Comme on assiste à un procès en règle et uniquement à charge de l’armée française et de ses affidés, j’eus également aimé que les auteurs soient plus précis quant aux moyens engagés par Paris: effectifs et unités, opérations insurrections menées par les guérillas de l’UPC, etc etc…; car, la comparaison constante au conflit algérien tendrait à accréditer  la thèse d’une guerre réelle et permanente qui causa des dizaines – voire des centaines de milliers de morts (p 641). Mais, à en croire les auteurs, les militaires français (gendarmes compris) n’ont jamais dépassé 3.000 hommes… Faut-il rappeler que la guerre d’Algérie vit l’engagement de près de 500.000 soldats français contre moins de 50.000 fellaghas ? Que cette guerre se solda par la perte de près de 30.000 soldats français ? Si l’armée française a été aussi « efficace » au Cameroun avec si peu de moyens, on s’étonnera de son échec en Algérie… Ou alors c’est que son opposition n’était pas aussi solide que cela…

Pour résumer, je ne doute, à aucun instant, des moyens mis en œuvre par la France pour garder son emprise sur ses anciennes colonies ou ses anciens protectorats mais j’aurais aimé un ouvrage plus rigoureux sur le plan historique. Je laisserai la conclusion à Jean Lacouture que les auteurs critiquent dans sa décision de ne pas éditer, en 1972, l’ouvrage de Mongo Beti.  « Main basse sur le Cameroun ». Je les cite: D’abord proposé aux éditions du Seuil, l’ouvrage fut refusé par… Jean Lacouture, alors responsable de collection dans cette maison. « Je pense […] que le ton et la forme de ce pamphlet nuisent à vos idées et à votre cause, dans la mesure où ils ne peuvent convaincre sans arguments solides ».

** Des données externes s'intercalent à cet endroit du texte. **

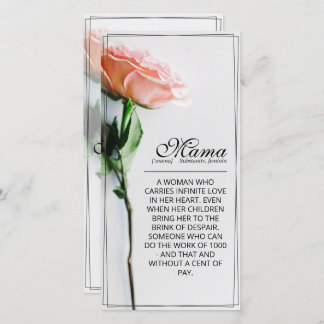 Mom – Simply Irreplaceable | Classic Card - Rose M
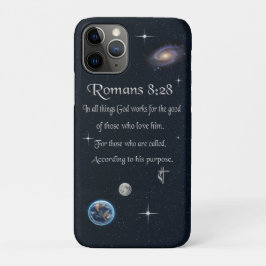 Romeinen 8:28 christelijke Bijbelvers Case-Mate iPhone Case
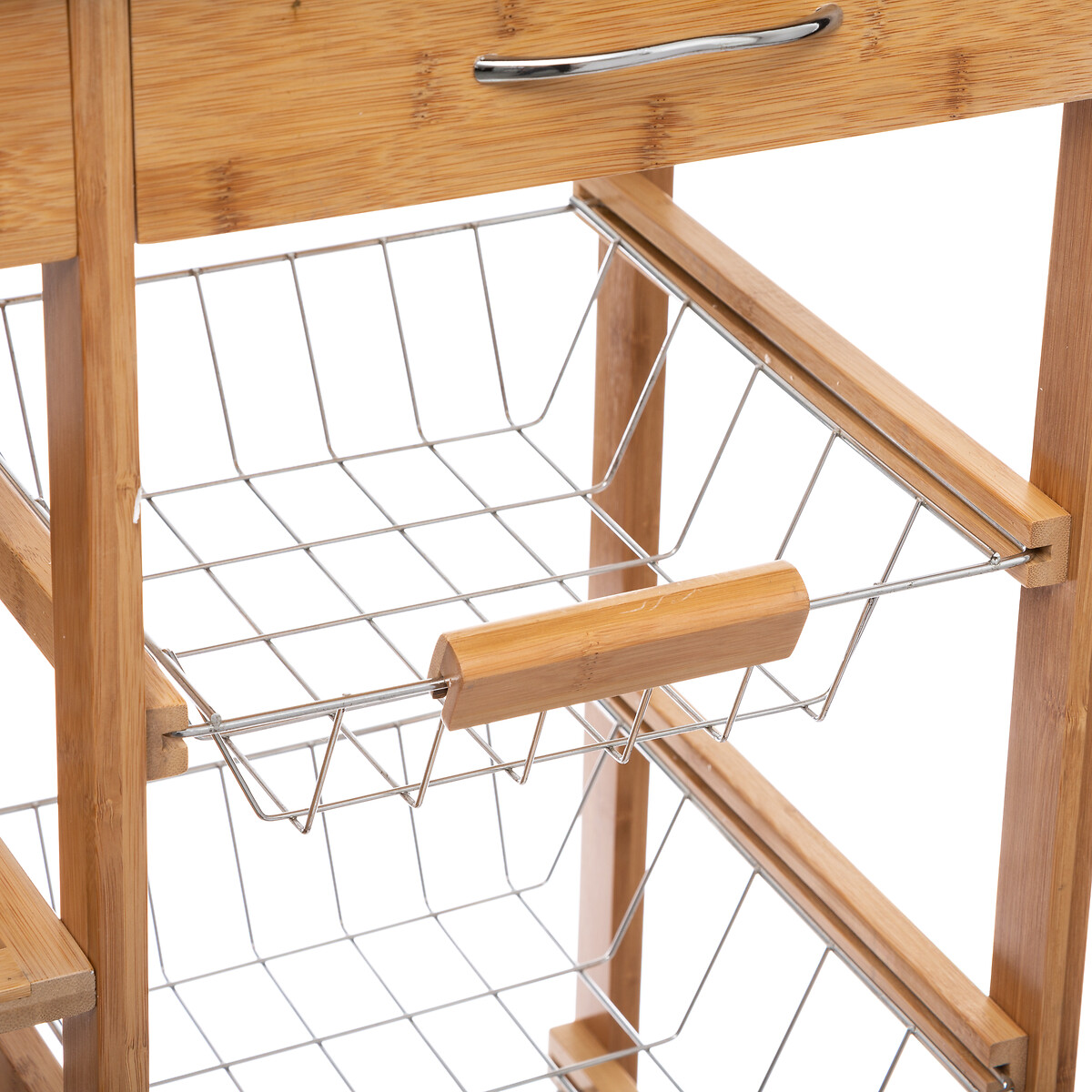 Desserte grand modèle tiroirs/paniers Bambou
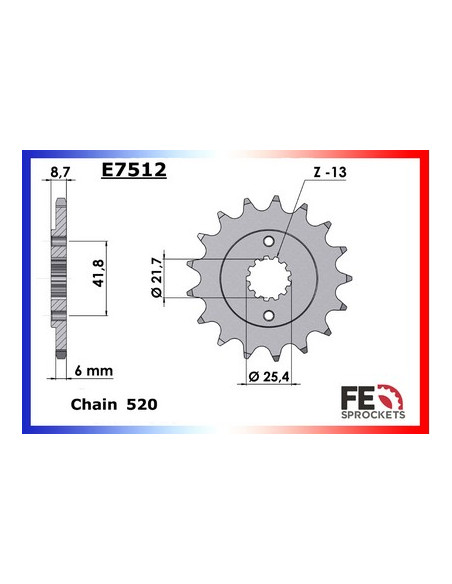 GPZ.400.ZX '85 16X42 RK520FEZO *  (ZX.400.C2 - Z.400.F2) GPZ.400.ZX '85 16X42 RK520FEZO *  (ZX.400.C2 - Z.400.F2)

Grosso modo, c’est bien ce que m’inspire cet ouvrage, je le répète important pour moi sur le sujet, mais au combien partisan dans son argumentation et dans son ton. Bref, j’attends le travail d’un historien dépassionné sur le sujet. Un jour, peut-être…

Je recommande cependant cet ouvrage pour la masse d’informations disponibles et si vous vous intéressez aux conflits de la décolonisation et à l’Afrique francophone, particulièrement au Cameroun !

Aux éditions La découverte » avec un cahier photos en n/b et 3 cartes hors texte.